Key Concepts: The Atom

Key Concepts: The Atom

  • Every substance in the world is made up of tiny particles called atoms.

  • An atom is the smallest unit of a chemical element that can exist, maintaining the properties of that element.

  • The central part of an atom is the nucleus. It contains protons which are positively charged, and neutrons which have no charge.

  • Moving around the nucleus are electrons. They are in energy levels (shells) and carry a negative charge.

  • Protons and neutrons have roughly the same mass, but electrons are much lighter.

  • The number of protons in an atom defines the atomic number of that element.

  • The mass number of an atom is the total number of protons and neutrons.

  • The chemical properties of an atom are determined by the number and arrangement of its electrons.

  • In an atom, the total number of electrons is equal to the total number of protons in the nucleus. This means that overall, an atom is electrically neutral.

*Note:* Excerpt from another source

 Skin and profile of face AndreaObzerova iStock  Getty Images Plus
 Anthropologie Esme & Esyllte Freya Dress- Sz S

  • The model of atom has developed over the years, from the solid sphere model, to the plum pudding model, to the nuclear model, to finally, the quantum model which is the current understanding.

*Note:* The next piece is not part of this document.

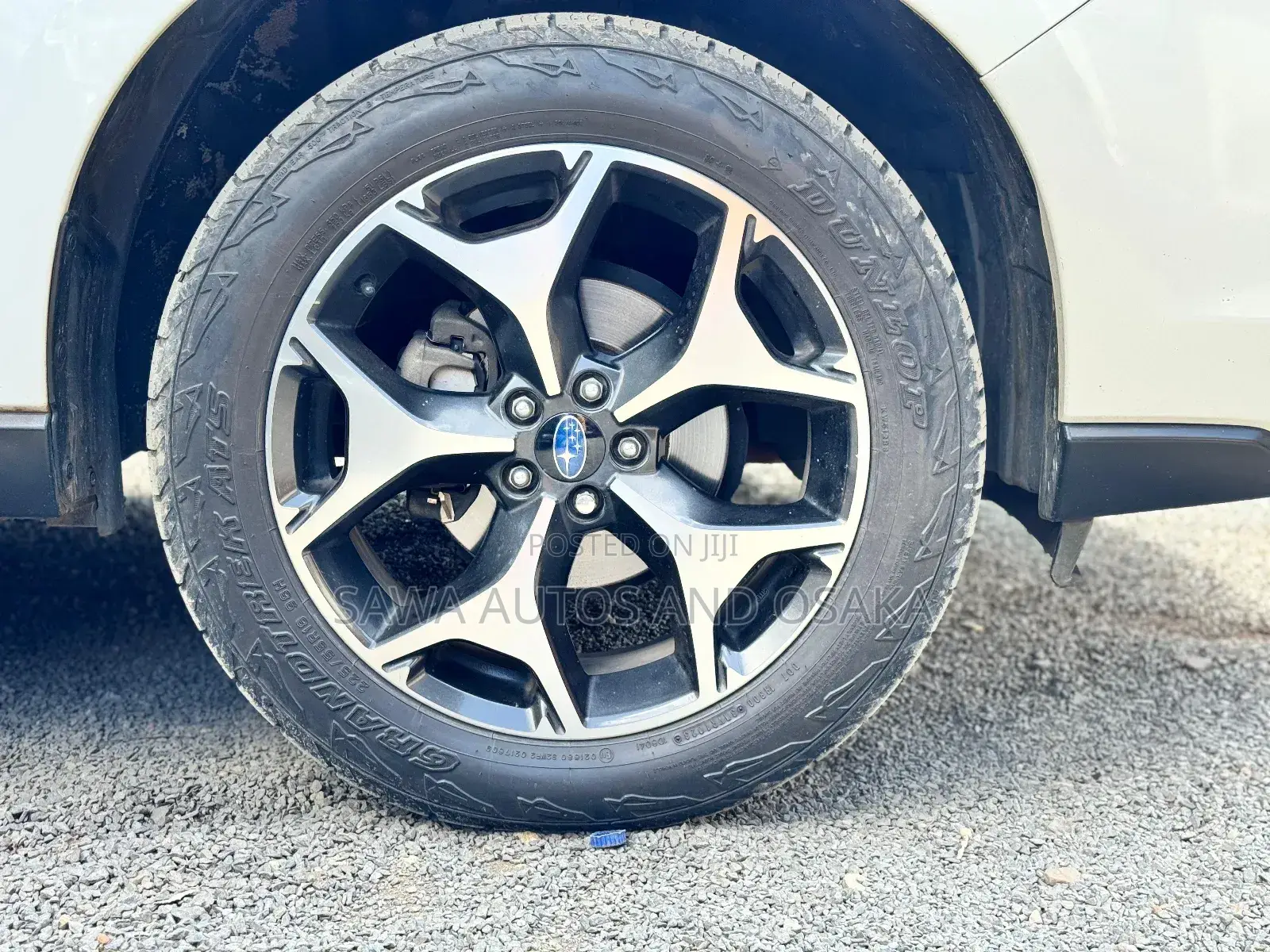 Subaru Forester 2017 White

  • Isotopes are atoms of the same element with different numbers of neutrons. They have the same atomic number, but different mass numbers.

  • The Relative Atomic Mass (Ar) refers to the weighted average of the atomic masses of the different isotopes in a sample of the element. This takes account of both mass and abundance of isotopes present.

  • Atoms in elements can combine in various ways to create compounds. This involves a chemical change, and new substances with different properties result.

  • A molecule is the smallest part of a chemical compound that can exist, maintaining the properties of that compound. It consists of two or more atoms bonded together.

  • The Periodic Table is a systematic arrangement of elements, based on their properties, atomic number and the arrangement of electrons in outer shells, and it is highly useful for predicting chemical behaviour.